# [YOUR OBJECTIVE]
Return the data below unaltered, but strip out the pictures.

# [RECORDED DATA]
--

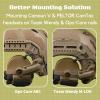 Free-Angle Tactical Headset Rail Mount Compatible with Peltor Comtac Headset Adapter On Team Wendy EXFIL/Flux M-Lok/Ops-Core Fast Arc Rail Adapter, Airsoft Helmet Accessory for Comtac ,,,,(OD) view 2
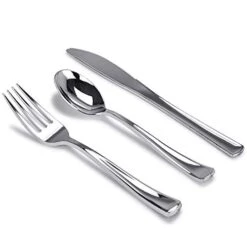 Pre-Rolled Napkin And Cutlery Set - White Napkins And Silver Heavy-Weight Plastic Silverware With Napkin Band Set - 30-Pack 17 Pre-Rolled Napkin And Cutlery Set - White Napkins And Silver Heavy-Weight Plastic Silverware With Napkin Band Set - 30-Pack -Peugeot Shop 410aVEiOGqL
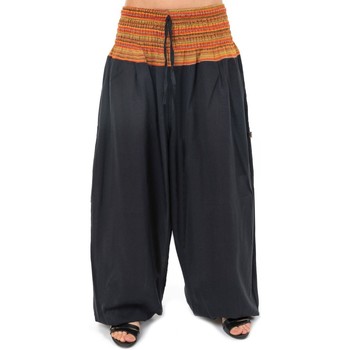 Vêtements Femme Pantalons fluides / Sarouels Fantazia Pantalon sarouel grande taille Sundhara Noir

--

# [OUTPUT OF THE TASK]
 Free-Angle Tactical Headset Rail Mount Compatible with Peltor Comtac Headset Adapter On Team Wendy EXFIL/Flux M-Lok/Ops-Core Fast Arc Rail Adapter, Airsoft Helmet Accessory for Comtac ,,,,(OD) view 2
 Pre-Rolled Napkin And Cutlery Set - White Napkins And Silver Heavy-Weight Plastic Silverware With Napkin Band Set - 30-Pack 17 Pre-Rolled Napkin And Cutlery Set - White Napkins And Silver Heavy-Weight Plastic Silverware With Napkin Band Set - 30-Pack -Peugeot Shop 410aVEiOGqL
 Vêtements Femme Pantalons fluides / Sarouels Fantazia Pantalon sarouel grande taille Sundhara Noir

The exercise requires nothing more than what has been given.